Rene seorang mahasiswa Universitas Kristen Indonesia (UKI) saat ikut demonstrasi yang dikenal dengan peristiwa Malari '74. Ia tertembak persis depan kampus Trisakti.
Berlajut pada reformasi '98 dimana 4 mahasiswa Trisakti tertembak tewas oleh aparat. Tragedi ini terjadi pada 12 Mei 1998.
Kisah dan foto mereka di atas jadi pemantik perlawanan. Pada tahun yang sama rezim kala itu pun runtuh, seolah lupa, semua gagap gempita merayakan era reformasi.
Kebijakan pemerintah dan perlawanan
Jakarta bergerolak pada 15 Januari 1974 diakibatkan oleh kebijakan pemerintah akan banjirnya modal asing. Kerusuhan rakyat pun tak terbendung.
20 tahun kemudian krisis ekonomi terjadi. Rupiah melemah dengan nilai tukar dolarnya menembus di angka Rp. 20.000 per dolar.
Perlawanan pun bergelombang menjadi arus kekuatan rakyat. Naasnya, korban sipil terus jadi tumbal. Hilangnya nyawa hingga kita menyaksikan peristiwa Semanggi I dan Semanggi II.
Kali ini kita tidak sedang menghitung angka statistik korban, tapi ini tentang kebijakan yang berani menghilangkan aspek kemanusiaan. Dimana nuraninya?
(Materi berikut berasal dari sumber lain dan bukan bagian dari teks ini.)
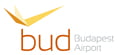 bud-logo.jpg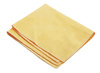 Synthetic Chamois Leather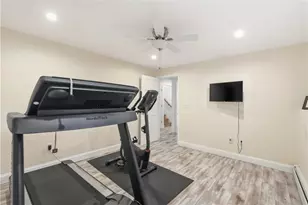 9 Bay Rd, Warren, RI 02885 - Photo 15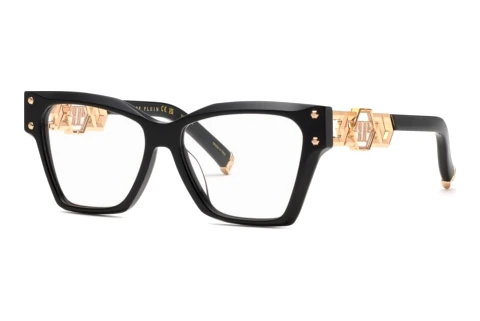 Designer briller Philipp Plein VPP189S 0700
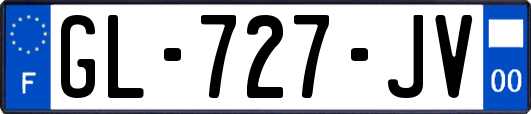 GL-727-JV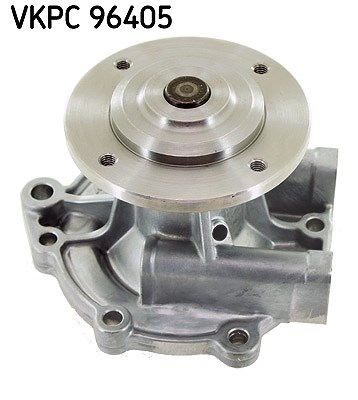Skf Wasserpumpe [Hersteller-Nr. VKPC96405] für Suzuki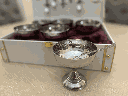 DCTT_038_Extra_2.png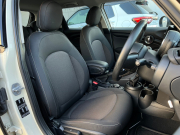 MINI(ミニ) ミニ 中古車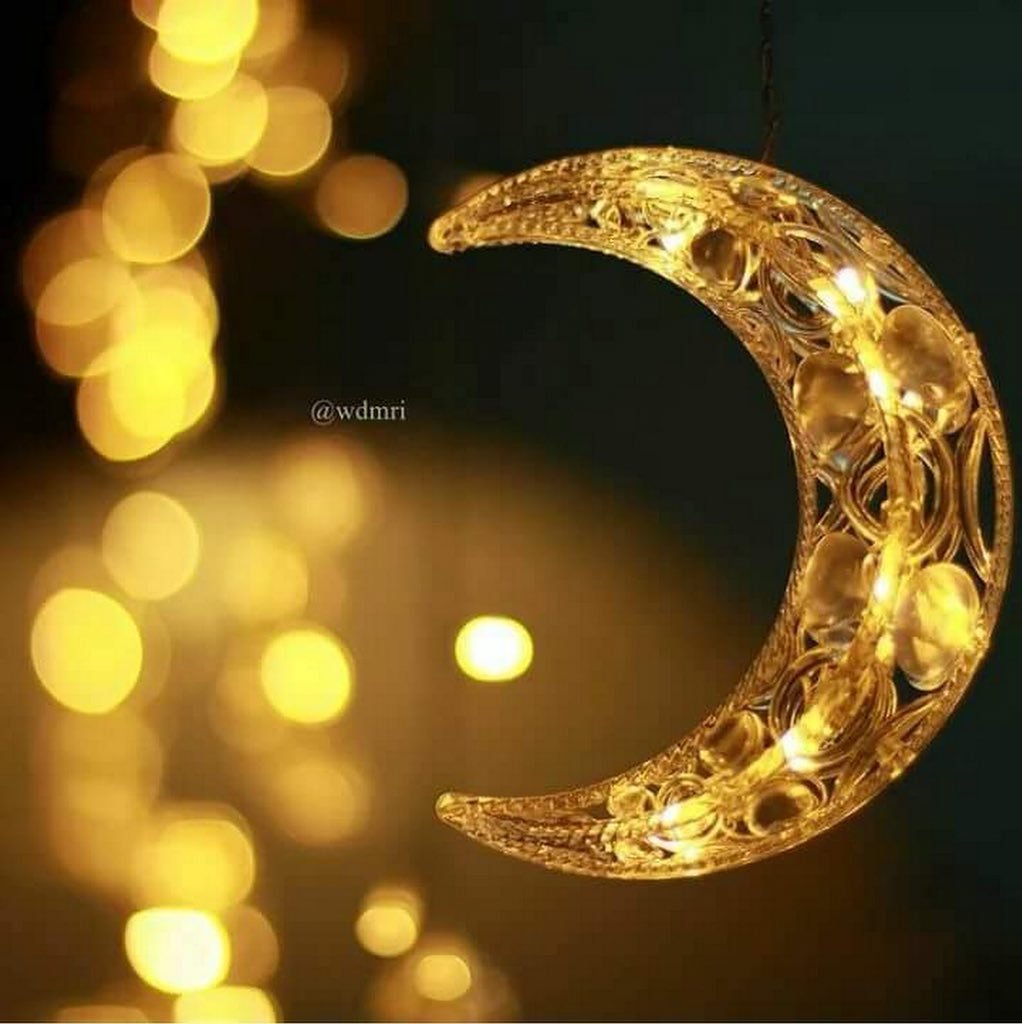 تبريكات رمضان 3590 2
Bahkan satu nyawa sekalipun jadi korban kematian. ini tentang kemanusiaan sekali lagi. Tragedi Ojol 2025 membuat kita semua kecewa, negara dan aparatnya seolah tidak belajar dari sejarah justru mewariskan tindakan "anti" kemanusiaan.
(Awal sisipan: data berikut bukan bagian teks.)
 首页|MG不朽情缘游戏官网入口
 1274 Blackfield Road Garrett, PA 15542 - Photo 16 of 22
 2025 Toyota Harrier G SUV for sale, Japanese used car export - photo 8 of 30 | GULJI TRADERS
Peristiwa tertindas nya ojol oleh aparat, kematian Rene hingga hilangnya nyawa 4 mahasiswa jadi catatan kelam sejarah Republik ini. Simbol ketidakadilan struktural, korbannya selalu saja rakyat kecil.
Aparat oh Aparat
Seorang ojol yang bernama Afan Kurniawan berusia 21 tahun kini sudah di pembaringan, nyawanya hilang, meninggalkan keluarga yang selama ini dinafkahinya. Tindakan sadis aparat dengan fasilitas negara ini menyisakan luka mendalam bagi semua.
Fakta sejarah dari Malari 1974 hingga Ojol 2025. Tentang tindakan aparat harusnya jadi kecaman setimpal dalam arus penegakan hukum.
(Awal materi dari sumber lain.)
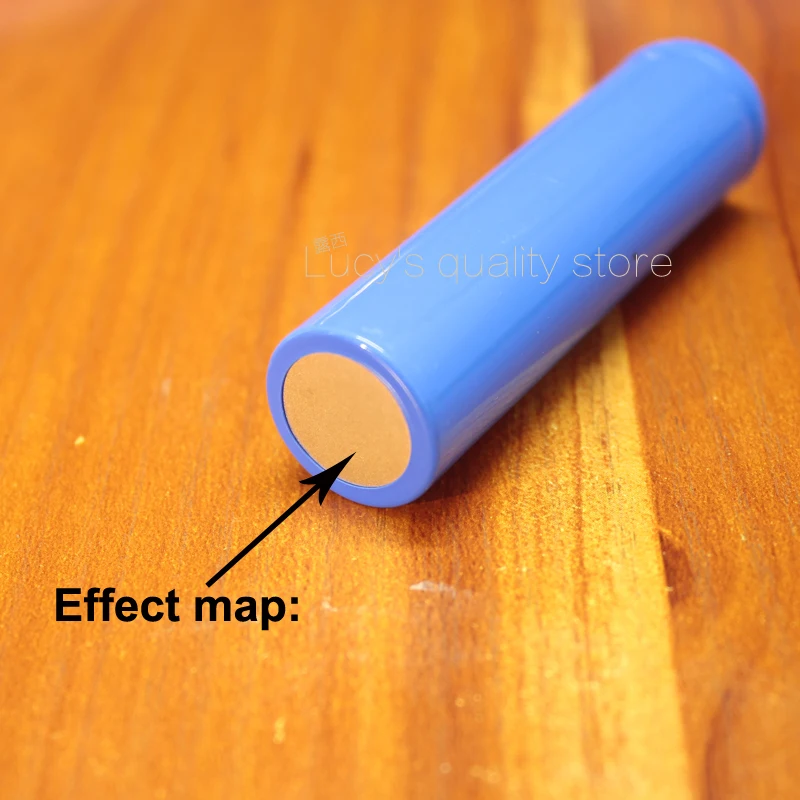 18650, литиевая пленка для точечной сварки - Фотография_3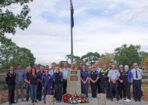Anzac_474637_01
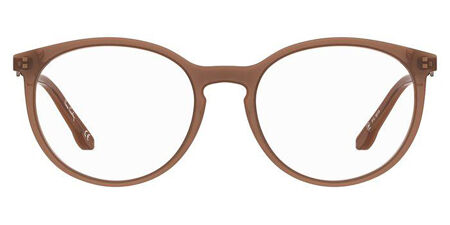 Pierre Cardin P.C. 8518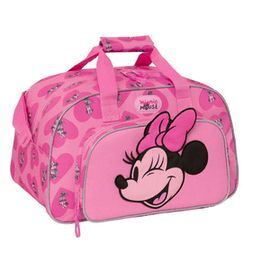 Bolsa deporte minnie mouse online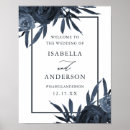 Pesquisar por azul da meia noite pôsteres pósteres Convidados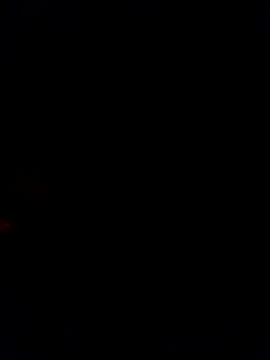 quanchatseex online show from April 14, 2:56 pm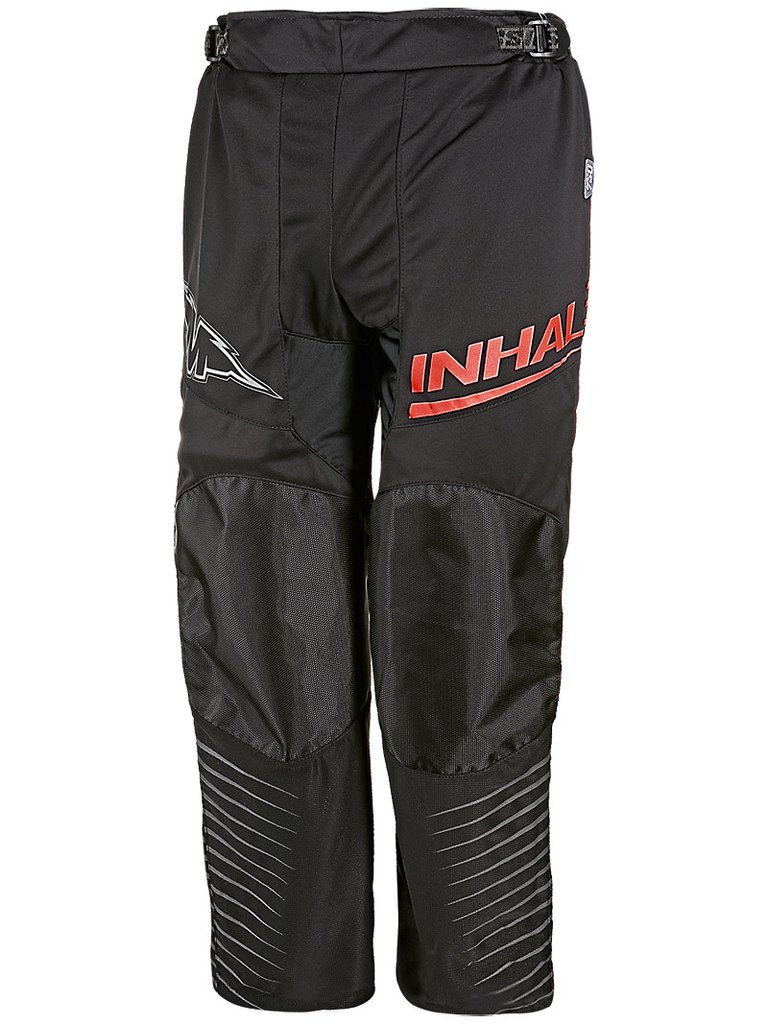 New Design Cheap Custom Sublimation printing ice hockey pants shell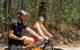 Kayak, EMtn Bike, Local Vineyard = Perfect Hinterland Day Tour - thumb 5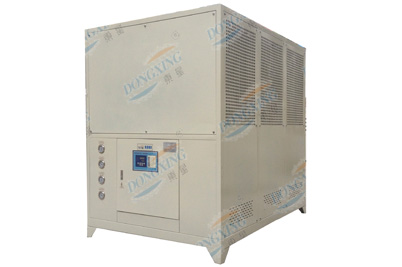 1442099179881945.jpg IMG_0085.jpg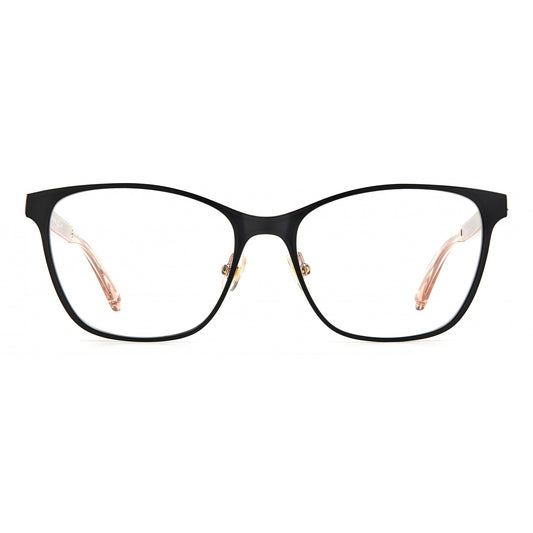 Kate Spade SELINE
Jika tak ingin menyinggung persoalan hukum, sejenak mari kita mainkan empati sesama anak bangsa. Pak aparat terhormat, bagaimana perasaan anda jika peristiwa ojol terjadi ke anak kandung sendiri?
Kami tidak ingin menyalahkan aparat berseragam. Penulis secara pribadi memiliki kerabat yang berseragam dengan profesi tersebut. Tulisan kali ini hanya mencoba melihat lebih jernih dan objektif.
Belum lagi melihat dan berkaca pada penculikan dan pelanggaran HAM di '98. Nama besar Munir dan keluarga yang ditinggalkannya kian berjibaku memperjuangkan keadilan atas kezaliman dan rasa keadilan begitu pahit untuk sosok tercinta.
Sejarah terus mencatat
"Sejarah tak pernah cacat dalam mencatat peristiwanya. Semua akan terbukti dengan sendirinya, tinggal menunggu waktu saja!"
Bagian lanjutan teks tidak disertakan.